Assigned task:
Would you return the listing that follows exactly, leaving its pictures behind?

Recorded information:

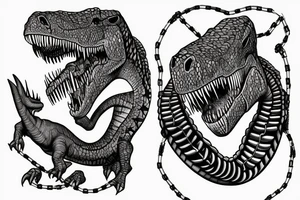 rex dinosaur with a chain around his neck that rips off his skin tattoo idea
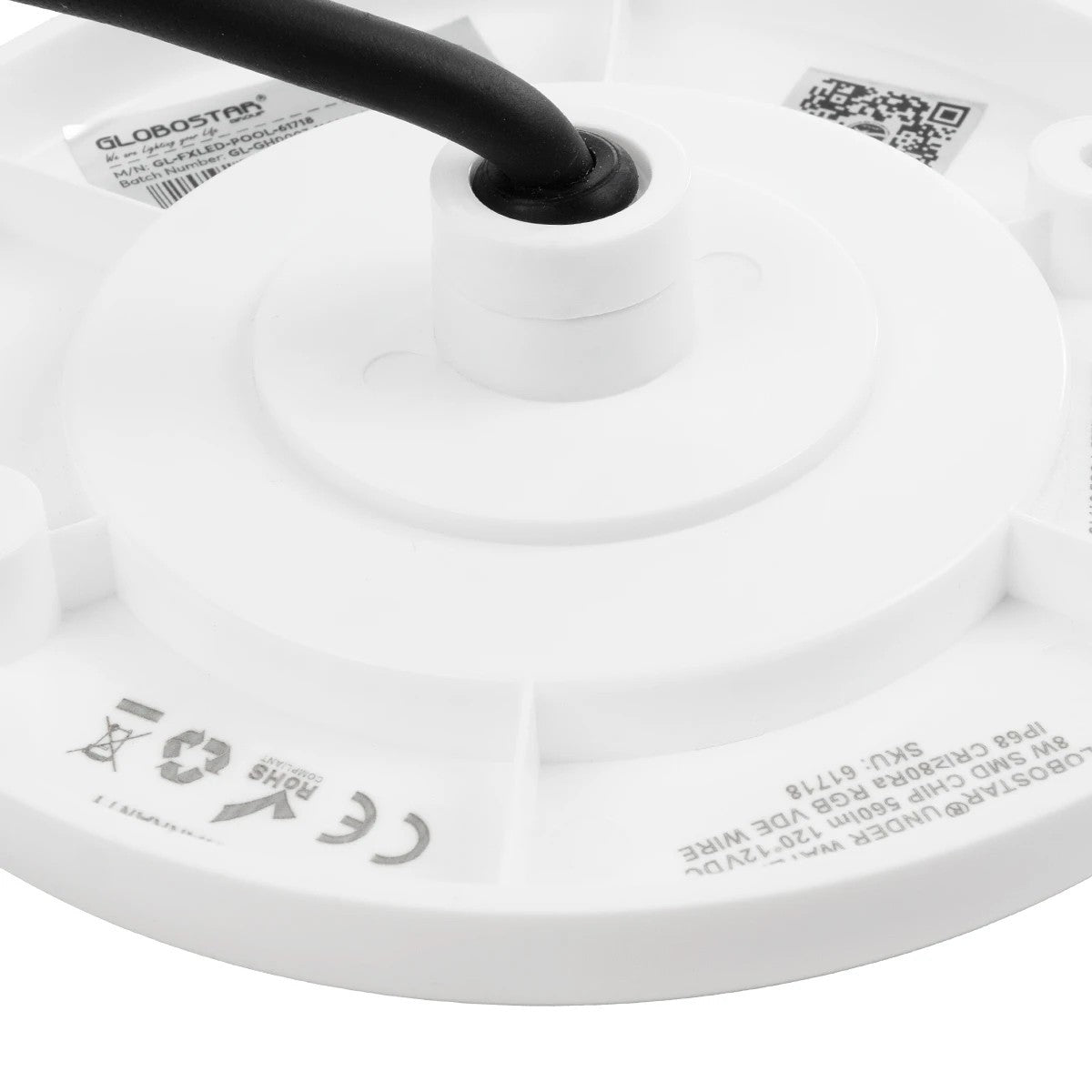 GLOBOSTAR® POOLARTY 61718 Υποβρύχιο Φωτιστικό για Σιντριβάνια/Πισίνες LED 8W 560lm 120° DC 12V Αδιάβροχο IP68 RGB Dimmable - Bridgelux SMD Chip - 1m VDE Rubber Καλώδιο - Μ13 x Π13 x Υ2cm - 3 Χρόνια Εγγύηση - ledmania.gr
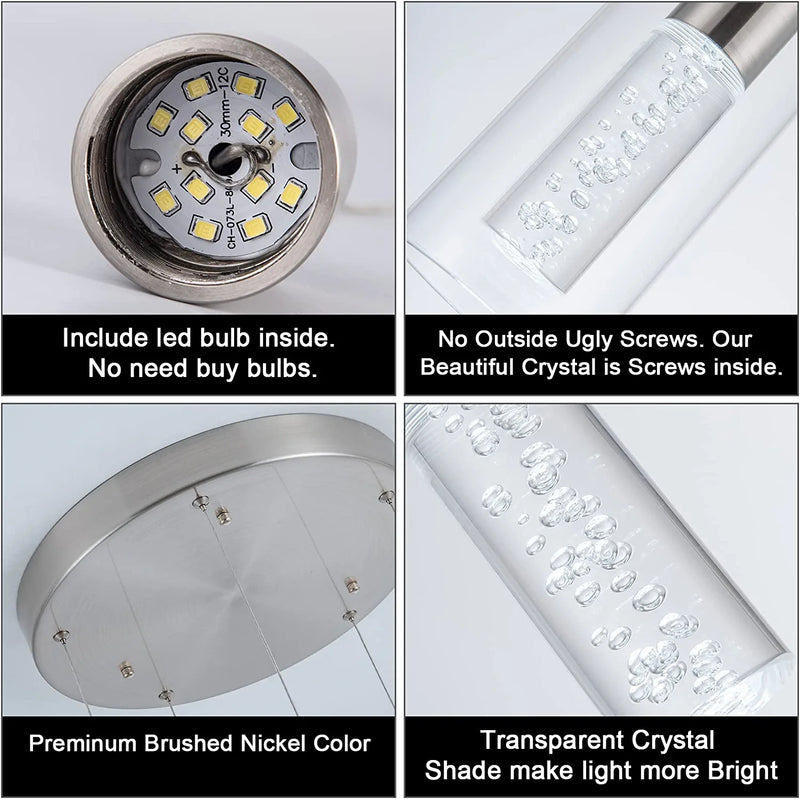 Leadtek Pendant Lights,5-Light Integrated Kitchen Light, 40W CRI 80+, 3400Lm Premium Screwed Bubble with Brushed Nickel Finish. Home & Garden > Lighting > Lighting Fixtures Leadtek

Task response:
 rex dinosaur with a chain around his neck that rips off his skin tattoo idea
 GLOBOSTAR® POOLARTY 61718 Υποβρύχιο Φωτιστικό για Σιντριβάνια/Πισίνες LED 8W 560lm 120° DC 12V Αδιάβροχο IP68 RGB Dimmable - Bridgelux SMD Chip - 1m VDE Rubber Καλώδιο - Μ13 x Π13 x Υ2cm - 3 Χρόνια Εγγύηση - ledmania.gr
 Leadtek Pendant Lights,5-Light Integrated Kitchen Light, 40W CRI 80+, 3400Lm Premium Screwed Bubble with Brushed Nickel Finish. Home & Garden > Lighting > Lighting Fixtures Leadtek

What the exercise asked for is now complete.